Operational Highlights

  • Extremely successful HTC Vive Ecosystem Conference held on the ENGAGE platform in March 2020
  • Partnership agreements entered into with content providers in USA and UK for on-boarding content onto the ENGAGE platform
  • Multi-year enterprise licence agreement signed with Tokyo Global Gateway for approx. €0.2m
  • Significant events contracted to be held in ENGAGE during H2 2020
  • Commercial deals entered into with a number of parties on the ENGAGE platform for license agreements and for VR events including Facebook and Victory XR
  • Successful launch of ENGAGE Mobile on Android phones and tablet devices

David Whelan, CEO of VR Education, said: “2020 has been a catalyst for increasing interest and uptake of VR to enable companies and employees to continue to interact.  Our proprietary ENGAGE platform has benefitted from this and is now being used by significant global organisations, both governmental and corporate.  VR Education’s outlook and forecast for the future is brighter than ever and I look forward to updating shareholders on our progress in due course.”

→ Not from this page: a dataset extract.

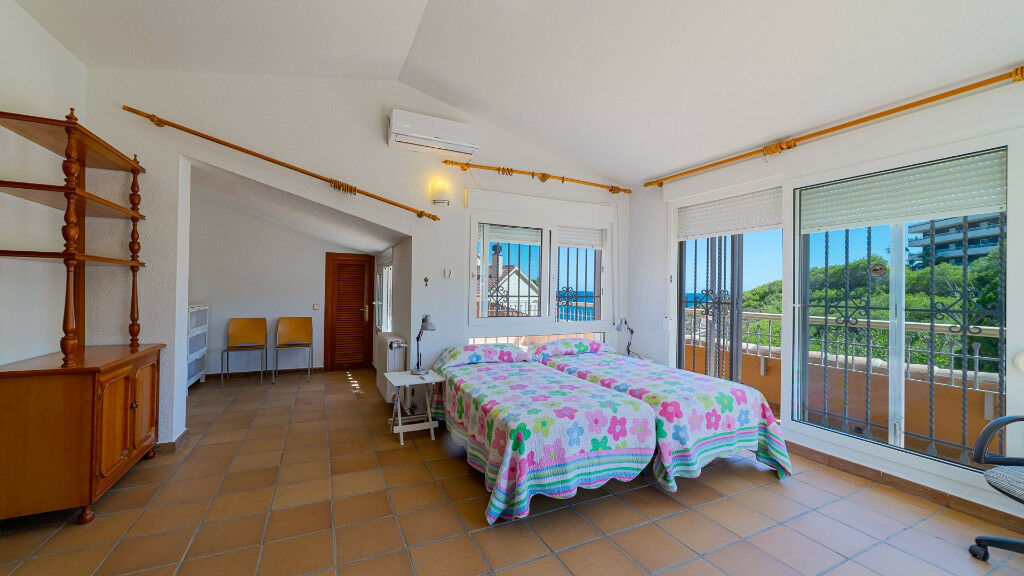 Detached Villa Campoamor Alicante - image 29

Investor and Analyst Meeting

A meeting for analysts hosted by David Whelan (CEO) and Séamus Larrissey (CFO) will be held at 0930am today via Zoom.  Please contact Buchanan at [email protected] if you would like to receive the dial in details 

This announcement contains inside information for the purposes of Article 7 of EU Regulation 596/2014.

 

For further information, please contact:

VR Education Holdings plc
David Whelan, CEO
Sandra Whelan, COO
Tel: +353 87 665 6708
[email protected]
Cairn Financial Advisers LLP(Nominated Adviser)
James Caithie / Liam Murray / Ludo Lazzaretti
Tel: +44 (0) 20 7213 0880
Shard Capital Partners LLP (Joint Broker)
Damon Heath / Erik Woolgar
Tel: +44 (0) 20 7186 9952
Davy(Joint Broker & Euronext Growth Advisor)
Fergal Meegan / Ronan Veale / Barry Murphy
Tel: +353 1 679 6363
Buchanan(UK Financial PR)
Henry Harrison-Topham / Chris Lane / Tilly Abraham
Tel: +44 (0)20 7466 5000
[email protected]

 

Notes to Editors

VR Education, together with its wholly owned subsidiary, is an early stage VR software and technology group based in Waterford, Ireland, dedicated to transforming the delivery methods of education and corporate training by utilising VR technologies to deliver fully immersive virtual learning experiences.  The Group's core focus is the development and commercialisation of its online virtual social learning and presentation platform called ENGAGE, which provides a platform for creating, sharing and delivering proprietary and third-party VR content for educational and corporate training purposes.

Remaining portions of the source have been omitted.